October 1 marks the official roll out of health exchanges across the country. The purpose of the exchanges are to provide more people the opportunity to purchase insurance at affordable rates through governmental subsidies.
There’s a catch in the health care reform law that has providers nervous about getting paid. The Affordable Care Act has a provision that gives consumers purchasing insurance through the exchanges a 90 day grace period if they don’t pay their premiums before their coverage can be dropped.
The law requires insurers who offer plans on the exchanges to provide a three-month grace period to individuals who have enrolled and have stopped paying their premiums. For the first 30 days after the individual stops paying the insurer must continue to pay claims. But (and here’s the catch) the insurers are allowed to hold claims and not pay for services rendered during the final 60 days which means that providers, like physicians and hospitals are on the hook for providing the services for free because they will have no way of knowing if someone is current or in the grace period.
During the last 60 days of coverage the law allows insurers to not process claims and then deny the claim all together if the premium remains unpaid.
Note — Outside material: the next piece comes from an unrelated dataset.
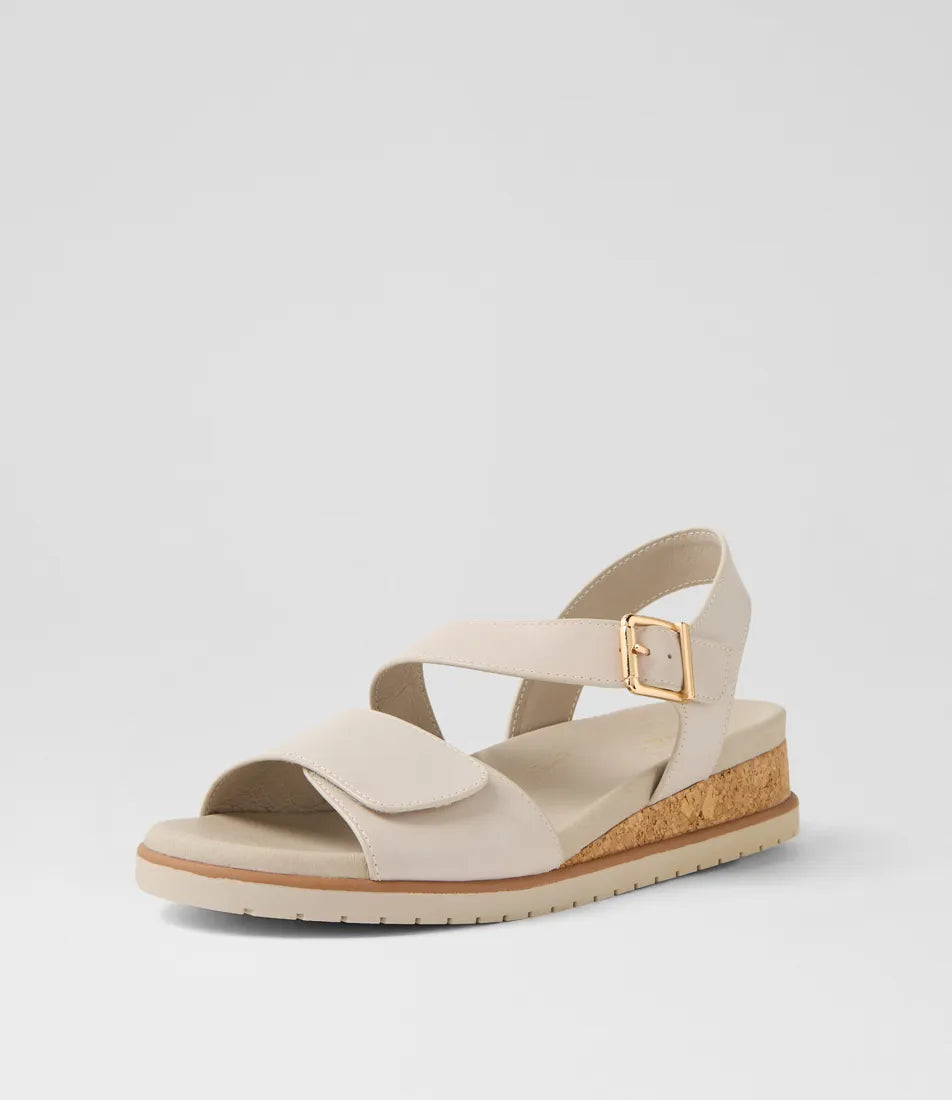 Ziera Vamsy Leather Sandals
Doing so will leave the provider with an unpaid bill even though service was provided under the assumption the patient had insurance.
There’s potential for someone to use the 90 day grace period to their advantage and have 12 months of insurance coverage and only pay 9 months of premiums by taking advantage of the 90 day grace period – they would have coverage for the final three months of the year and not have to pay, thus getting a years worth of benefit but only paying 9 months of premiums.